The expat guide: Top tips for moving abroad
So you have finally decided it is time to move abroad to experience a different lifestyle and maybe just a bit more sun than you get in the UK. Moving abroad is often a challenging endeavour, especially if you decide to relocate to a country where people don’t speak English as their first language. The first couple of months are going to be the tougher ones, so here are a couple of things to consider before taking the plunge.
Start by Packing and Shipping Your Belongings
Packing for your move abroad can be one of the most difficult things to take care of before leaving – it requires a lot of planning and is crucial to get right. The best approach to this is packing light, so it is worth taking a tough-love approach when looking through everything you own as you decide which things are essential and which things you can leave behind.
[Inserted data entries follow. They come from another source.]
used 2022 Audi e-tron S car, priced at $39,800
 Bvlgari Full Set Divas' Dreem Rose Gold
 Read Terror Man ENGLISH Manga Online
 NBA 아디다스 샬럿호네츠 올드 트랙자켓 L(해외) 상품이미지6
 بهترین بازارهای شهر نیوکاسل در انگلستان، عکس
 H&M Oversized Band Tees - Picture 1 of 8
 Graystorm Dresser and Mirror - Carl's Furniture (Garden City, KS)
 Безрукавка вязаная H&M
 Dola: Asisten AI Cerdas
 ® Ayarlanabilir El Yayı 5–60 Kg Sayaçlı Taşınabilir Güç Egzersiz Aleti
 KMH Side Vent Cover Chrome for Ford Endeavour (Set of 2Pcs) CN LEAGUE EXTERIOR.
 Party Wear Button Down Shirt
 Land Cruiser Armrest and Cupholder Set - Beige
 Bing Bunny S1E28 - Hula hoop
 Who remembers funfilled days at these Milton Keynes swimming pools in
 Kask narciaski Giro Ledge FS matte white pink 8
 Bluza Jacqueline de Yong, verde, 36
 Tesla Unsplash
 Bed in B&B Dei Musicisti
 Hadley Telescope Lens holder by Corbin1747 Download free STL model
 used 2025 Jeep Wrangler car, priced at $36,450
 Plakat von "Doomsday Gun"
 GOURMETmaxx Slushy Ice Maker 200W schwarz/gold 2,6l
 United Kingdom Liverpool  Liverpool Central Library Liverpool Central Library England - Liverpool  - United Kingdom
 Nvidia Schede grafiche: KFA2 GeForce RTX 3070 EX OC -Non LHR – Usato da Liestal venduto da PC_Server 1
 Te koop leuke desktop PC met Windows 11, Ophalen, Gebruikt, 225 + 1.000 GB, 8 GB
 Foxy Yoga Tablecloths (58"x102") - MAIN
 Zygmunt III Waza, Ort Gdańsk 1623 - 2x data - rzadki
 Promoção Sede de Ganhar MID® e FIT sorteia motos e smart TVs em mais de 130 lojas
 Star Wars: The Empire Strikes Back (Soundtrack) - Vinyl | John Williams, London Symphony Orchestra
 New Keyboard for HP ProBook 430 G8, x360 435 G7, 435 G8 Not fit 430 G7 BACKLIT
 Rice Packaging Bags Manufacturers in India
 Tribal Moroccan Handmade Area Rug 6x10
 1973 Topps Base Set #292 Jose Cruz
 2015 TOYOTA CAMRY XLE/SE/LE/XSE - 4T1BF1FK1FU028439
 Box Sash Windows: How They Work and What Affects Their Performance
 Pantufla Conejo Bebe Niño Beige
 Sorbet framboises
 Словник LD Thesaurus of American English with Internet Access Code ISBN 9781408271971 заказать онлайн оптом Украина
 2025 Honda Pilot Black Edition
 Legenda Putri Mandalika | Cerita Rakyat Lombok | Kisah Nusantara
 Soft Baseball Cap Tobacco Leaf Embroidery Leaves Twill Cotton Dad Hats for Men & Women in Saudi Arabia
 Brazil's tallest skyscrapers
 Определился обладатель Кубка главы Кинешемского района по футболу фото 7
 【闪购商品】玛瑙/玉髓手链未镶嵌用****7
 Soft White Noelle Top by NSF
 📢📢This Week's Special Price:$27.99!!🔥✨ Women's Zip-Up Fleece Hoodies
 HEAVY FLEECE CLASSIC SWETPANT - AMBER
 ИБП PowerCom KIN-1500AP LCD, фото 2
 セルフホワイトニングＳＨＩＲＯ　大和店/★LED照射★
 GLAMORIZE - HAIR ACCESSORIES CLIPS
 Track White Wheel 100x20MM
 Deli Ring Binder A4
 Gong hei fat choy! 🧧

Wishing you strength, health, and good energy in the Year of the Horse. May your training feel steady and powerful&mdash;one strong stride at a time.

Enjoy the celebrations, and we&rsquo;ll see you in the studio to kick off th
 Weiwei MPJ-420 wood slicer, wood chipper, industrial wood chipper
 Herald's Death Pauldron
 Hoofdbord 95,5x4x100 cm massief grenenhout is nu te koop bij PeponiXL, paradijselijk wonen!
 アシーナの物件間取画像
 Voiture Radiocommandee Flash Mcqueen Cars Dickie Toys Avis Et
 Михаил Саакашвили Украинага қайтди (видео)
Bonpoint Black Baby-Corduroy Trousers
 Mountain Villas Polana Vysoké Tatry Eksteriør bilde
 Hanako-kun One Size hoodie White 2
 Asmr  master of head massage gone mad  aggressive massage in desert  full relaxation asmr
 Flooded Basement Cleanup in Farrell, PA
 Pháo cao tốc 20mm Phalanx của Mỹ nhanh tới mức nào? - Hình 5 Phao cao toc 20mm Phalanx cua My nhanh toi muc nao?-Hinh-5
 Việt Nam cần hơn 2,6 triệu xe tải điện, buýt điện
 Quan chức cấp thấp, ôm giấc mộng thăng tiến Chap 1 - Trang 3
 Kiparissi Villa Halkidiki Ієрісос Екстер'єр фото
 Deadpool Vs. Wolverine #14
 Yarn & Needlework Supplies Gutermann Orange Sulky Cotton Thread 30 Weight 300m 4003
Once you have a final list, it is time to look into the options you have for shipping all your belongings to your new home. If you are first looking to rent furnished accommodation before you find a permanent home, it is a good idea to place your furniture into storage in the UK, and have it shipped once you have a permanent place to live. If you already have a property secured in your new country, shop around until you find the best price to have your belongings shipped. Don’t forget to check the insurance you get for your boxes and keep everything of high value, such as jewellery or electronics, on your person when you travel.
Take Care of your Finances
Moving abroad can prove an expensive process, so it is essential to have your financial affairs in order before you leave, and make sure you stay within the budget in the first few months as you get settled. If you move abroad for work, you may be able to secure accommodation via your employer. If you are looking to buy property abroad independently, do your research first by searching for things such as “apartments for sale in Nice” if you are moving to the south of France, for example, in order to become familiar with the local real estate market. If you don’t speak the language, it is also advisable that you employ English-language services – not only will they be able to communicate with you all the various requirements, they’ll also be familiar with the typical needs and concerns of a Brit moving abroad.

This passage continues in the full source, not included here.